## Aim of the exercise
Starting with the line with "Tibetaans Spaniel Schilderen" in the entries below and going on through the line with "Deity V-Mic D4", output every line exactly and nothing more. No pictures.

## Extracted entries
-- Opening Marker --
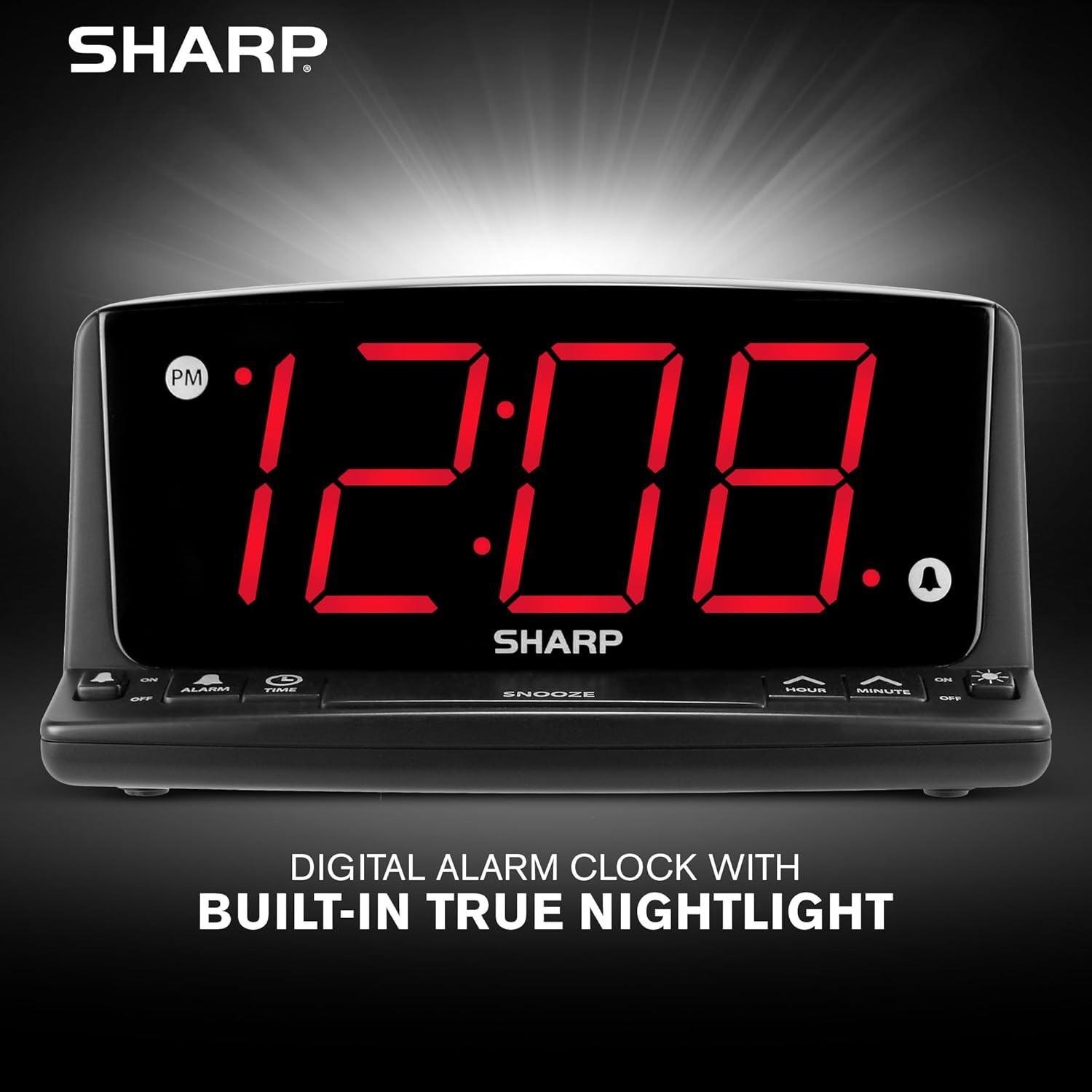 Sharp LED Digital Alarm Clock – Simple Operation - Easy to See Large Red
-- Closing Marker --
-- Opening Marker --
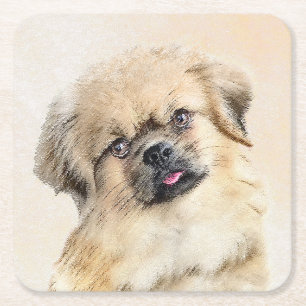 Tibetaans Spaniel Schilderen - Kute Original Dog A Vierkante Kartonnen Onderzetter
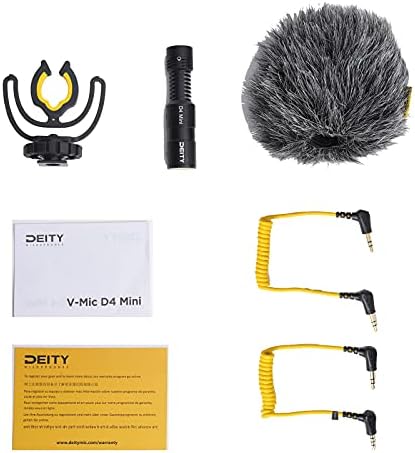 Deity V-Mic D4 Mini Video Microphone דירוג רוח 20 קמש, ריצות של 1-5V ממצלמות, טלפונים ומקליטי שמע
-- Closing Marker --
-- Opening Marker --
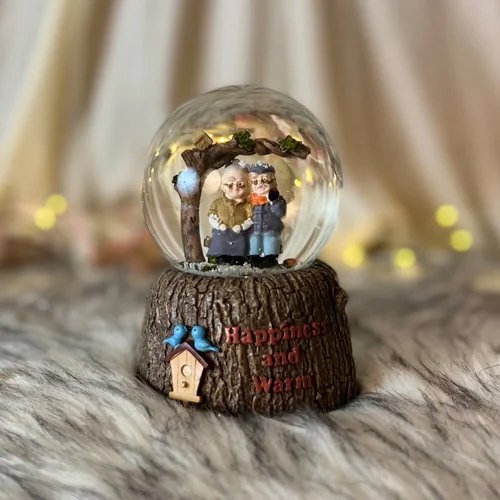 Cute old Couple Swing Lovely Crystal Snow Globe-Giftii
-- Closing Marker --
## Answer area
 Tibetaans Spaniel Schilderen - Kute Original Dog A Vierkante Kartonnen Onderzetter
 Deity V-Mic D4 Mini Video Microphone דירוג רוח 20 קמש, ריצות של 1-5V ממצלמות, טלפונים ומקליטי שמע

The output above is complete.